### How to complete this task
Reproduce only this stretch of the listing below: from the line with "Free A historic" through the line with "a bedroom with", exactly as written, with pictures excluded.

### Recorded data
+ + + +

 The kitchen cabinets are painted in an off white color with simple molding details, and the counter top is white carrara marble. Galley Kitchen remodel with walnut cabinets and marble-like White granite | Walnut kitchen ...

+ + + +

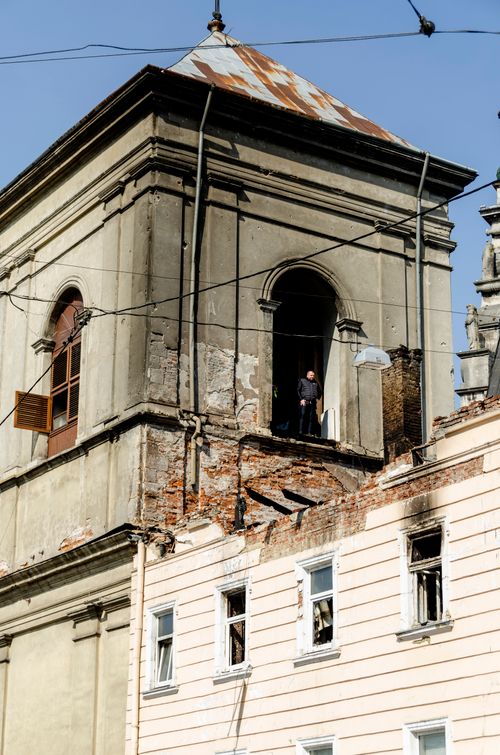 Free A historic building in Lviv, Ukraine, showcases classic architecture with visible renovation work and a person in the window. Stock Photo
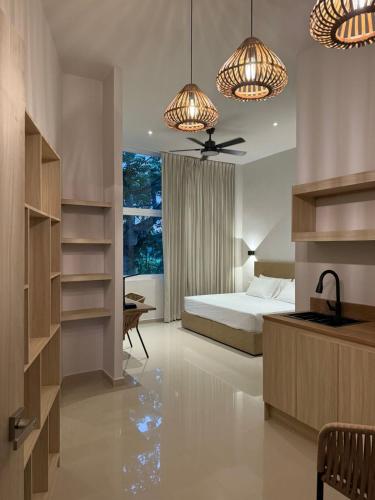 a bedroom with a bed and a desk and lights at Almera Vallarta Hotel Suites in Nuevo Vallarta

+ + + +

### Written response
 Free A historic building in Lviv, Ukraine, showcases classic architecture with visible renovation work and a person in the window. Stock Photo
 a bedroom with a bed and a desk and lights at Almera Vallarta Hotel Suites in Nuevo Vallarta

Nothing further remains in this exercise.